2. Act Like Nothing Has Changed. Maintain your same schedule, habits and demeanor. Don’t do anything to indicate you are suspicious. Most cheating spouses have a guilty conscience, and their “feelers” are out trying to determine whether you suspect anything. Acting like nothing has changed is hard, but in the end your efforts in keeping your emotions in check will result in a favorable outcome.

3. Collect Evidence. Look for emails, letters, telephone bills with recurring strange numbers on them, cell phone bills with recurring calls to/from the same numbers at odd hours and for long periods of time, and odd charges on credit card bills. Although hard to do because most cheating spouses are very protective of their cell phones, you need to try and check the text messages on your spouse’s phone. Check emails on the computer, and look at the history on the computer for where your spouse has been browsing. If your spouse has a facebook or myspace page, check the content on their pages and look at their “friends”. These “social networking” tools have become a rich source of evidence. If you see something suspicious, print the screen.

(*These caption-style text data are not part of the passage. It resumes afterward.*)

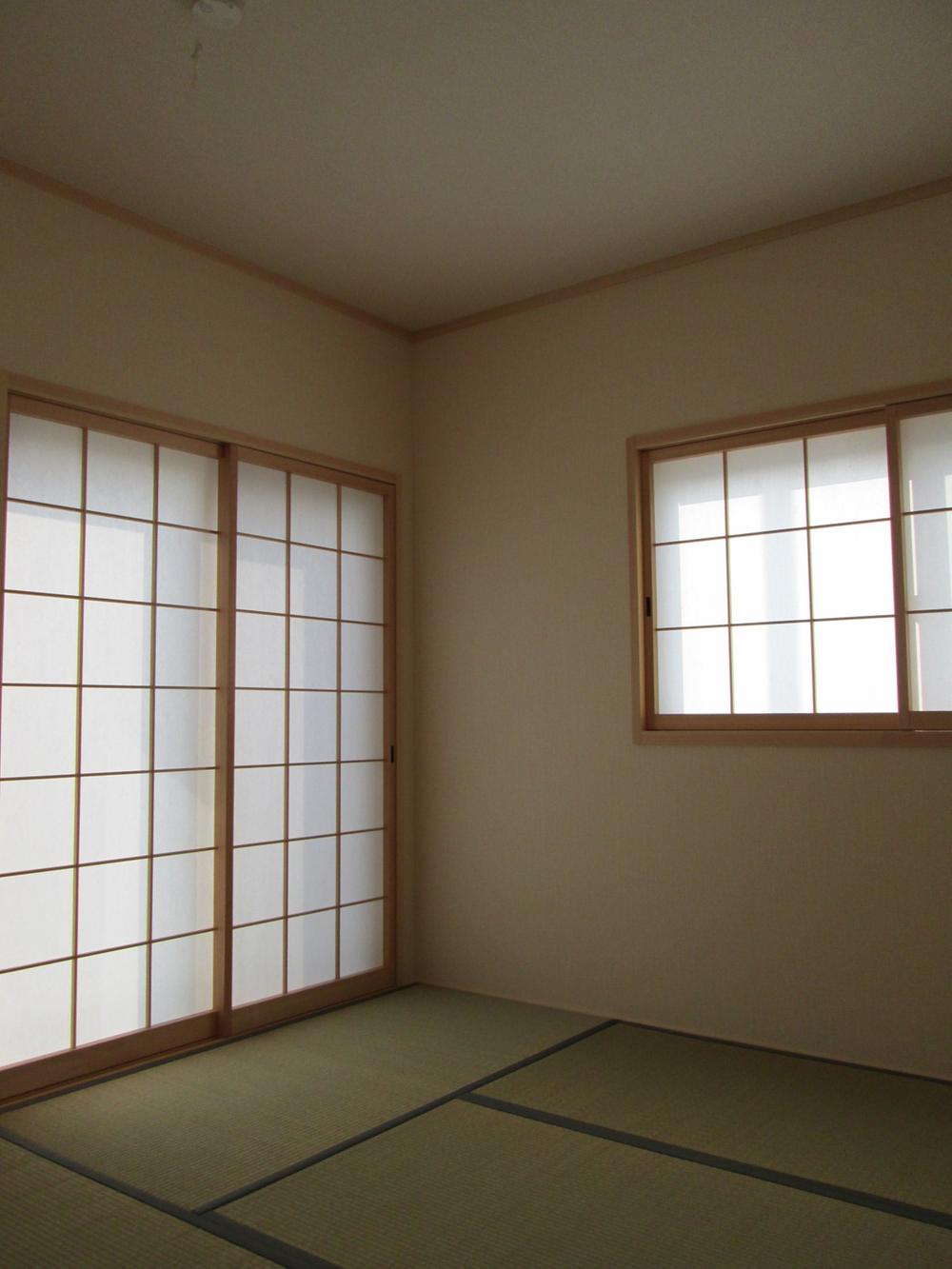 Non-living room. South-facing Japanese-style room is also pleasant.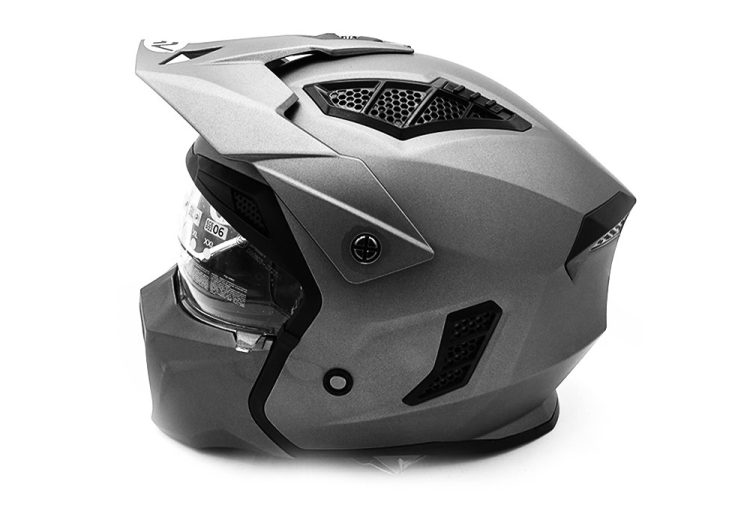 Casca de protectie trotinete cu viziera gri metalizat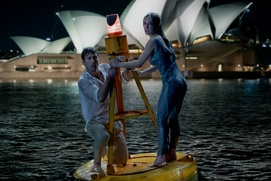 Une scène du film Anyone But You Une scène du film Anyone But You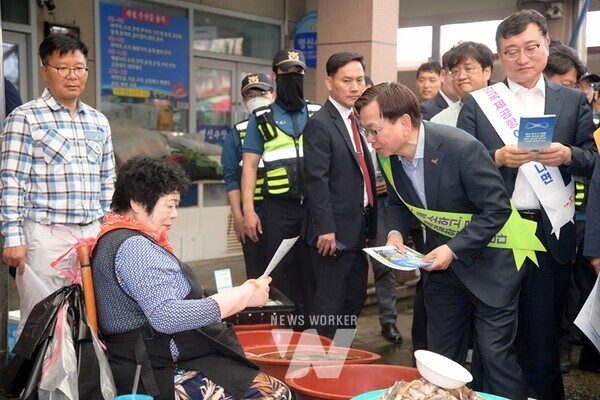 고광완 광주광역시 행정부시장과 공직자들이 지난 5월 24일 오일장이 열리는 무안읍 장터에서 상인들에게 민·군 통합공항 이전 효과 등을 홍보하고 있다. /광주광역시 제공고광완 광주광역시 행정부시장과 공직자들이 지난 5월24일 오일장이 열리는 무안읍 장터에서 민·군 통합공항 이전 효과 등을 홍보한 가운데 한 상인이 홍보물을 읽어보고 있다. /광주광역시 제공광주광역시 공직자들이 지난 5월 24일 무안읍에서 민·군 통합공항 이전 효과 등을 홍보하고 있다. /광주광역시 제공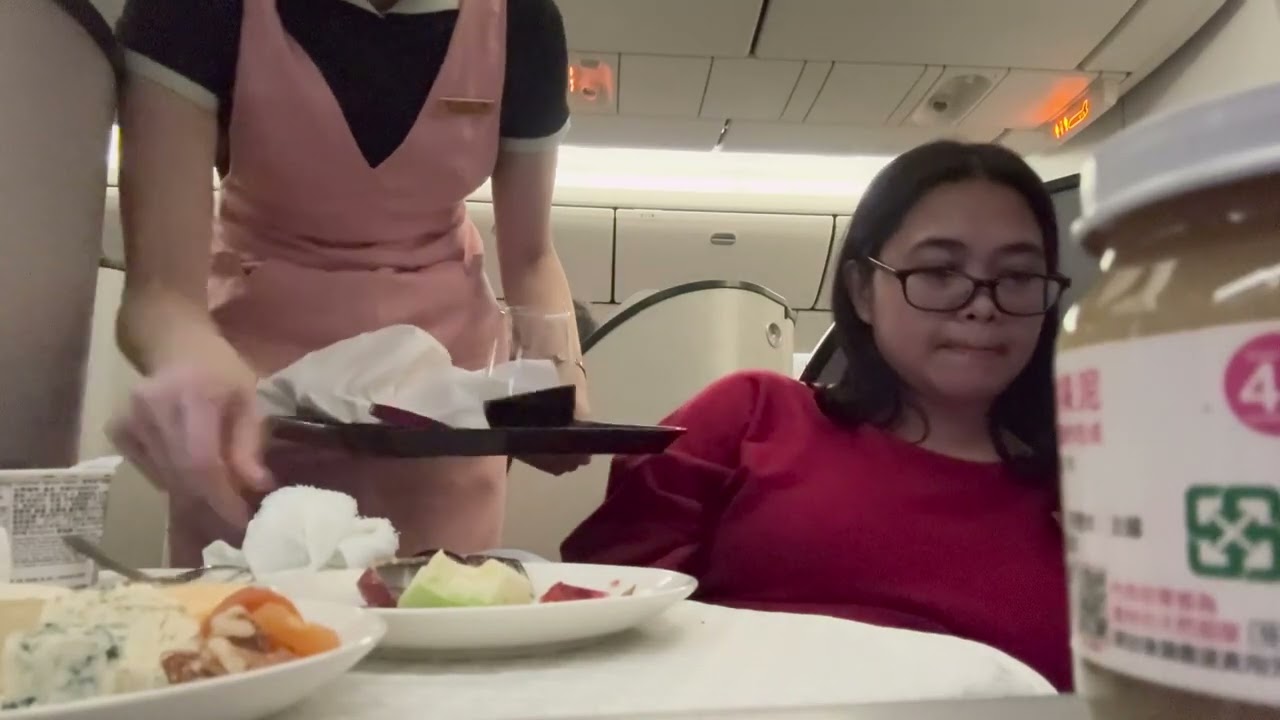Eva Air flight meal | Travel from Taiwan to Toronto Canada | YYZ | Buhay Canada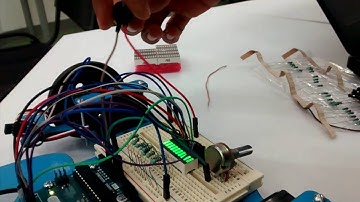 Barra del LED con buzzer en Arduino UNO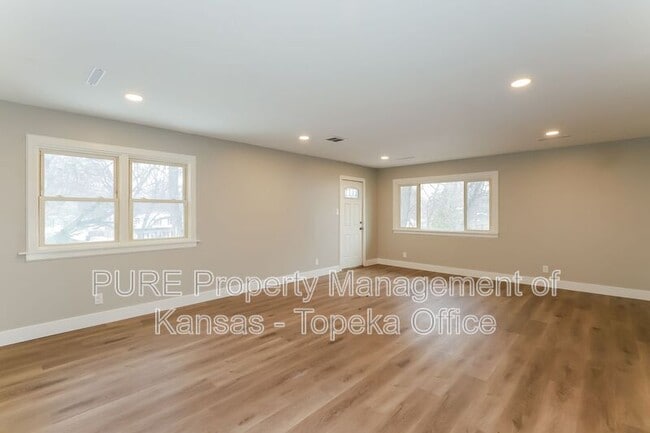 Photo - 3320 SW Oakley Ave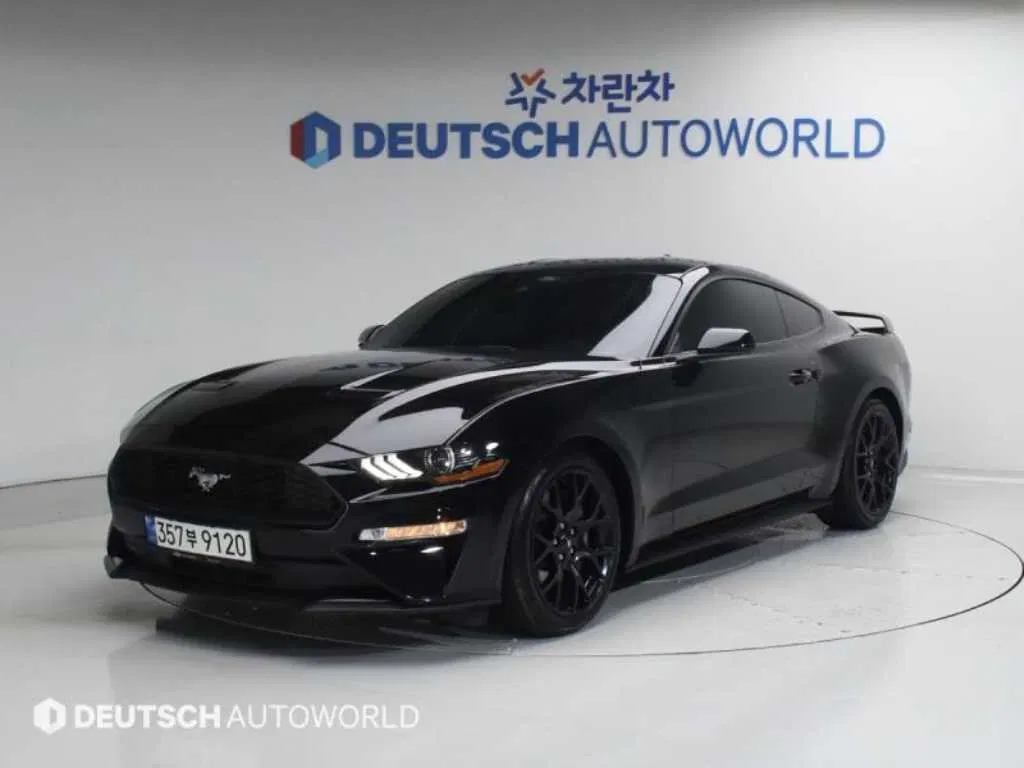 Ford Mustang Coupé 2022 — photo 1 sur 25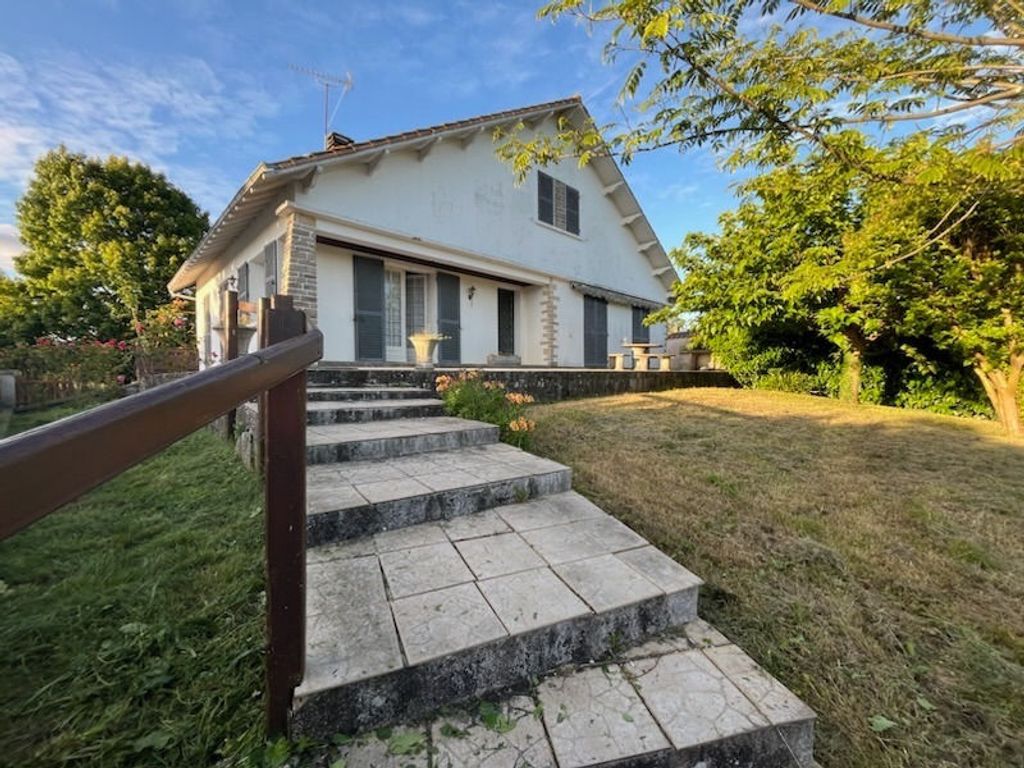 Achat maison à vendre 5 chambres 181 m² - Montjean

Just as easy as it is to search these pages, it’s just that easy to delete the content.

4. Hire A Private Investigator. Meet with a detective and give him all of the evidence you have. Tell him about your spouse’s habits and customs. Tell him your spouse’s work hours, their habits, and places he or she likes to frequent. Give him a picture of your spouse and his or her car and tag number. If you have a suspicion about a particular person, give him a picture of that person, the type of car they drive, and a description of their work hours and habits. A good opportunity to have the private investigator to obtain evidence is while you and your children go out of town overnight or for the weekend. As the old saying goes: "While the cat is away. . ." Coordinate this with the investigator’s schedule so that the investigator can watch your spouse while you are gone.

5. Safeguard Your Finances. This goes hand in hand with looking at credit card statements. If your spouse is changing their spending habits, you may decide you need to cancel a credit card or limit their charging capabilities. Keep a close watch on any joint bank accounts and the activity on those accounts. With the accounts being joint, your spouse could go to the bank and empty that account, leaving the account zeroed out and you still writing checks (and causing NSF charges that amass quickly). Additionally, you should consult with an attorney to determine whether, or when, you should consider moving all or a portion of the money from the joint account to your own separate account.

6. Don’t Have Sex. If you know your spouse is having an affair, do not have sex with them. Doing so could constitute the defense of condonation (the root word is “condone”). This acts as legal forgiveness of the past marital misconduct. Consult with a lawyer once you have evidence of a relationship. Additionally, you do not want to risk contracting a sexually transmitted disease that your spouse may be picking up from their new lover(s).

7. Be Deliberate. The vengeful side of us all leads you to want to confront the offending spouse with your evidence of their adultery. Don’t do it. The information that is most useful is that which the offending spouse does not know you have. If needed, this evidence will come out at the proper time. Because of the hurt you will experience in this situation, you need to rely on the advice of your attorney who can assess the situation from an objective, rational, and non-emotional point of view. At this point in time, you will be incapable of being objective, rational, and non-emotional.

8. Consult with a Lawyer. Tell the lawyer everything – the good and the bad. The only bad information is that information that the lawyer does not have. Anything you tell the lawyer is protected by the attorney client privilege, which requires the lawyer to keep all information a secret between you and your lawyer.